● ASSIGNMENT
Nothing but the lines below from the one with "JACK & JONES photo" through the one with "Steam Canister Flush" should be output, each exactly as given, and no pictures.

● DATA RECORDS
++++++++++

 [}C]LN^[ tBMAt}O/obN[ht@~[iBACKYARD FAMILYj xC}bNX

++++++++++

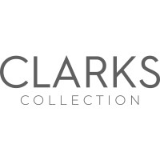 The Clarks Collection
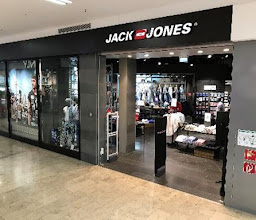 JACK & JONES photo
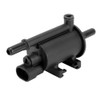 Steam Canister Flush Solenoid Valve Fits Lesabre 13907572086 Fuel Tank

++++++++++

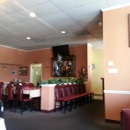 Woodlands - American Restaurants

++++++++++

● TASK RESULT
 JACK & JONES photo
 Steam Canister Flush Solenoid Valve Fits Lesabre 13907572086 Fuel Tank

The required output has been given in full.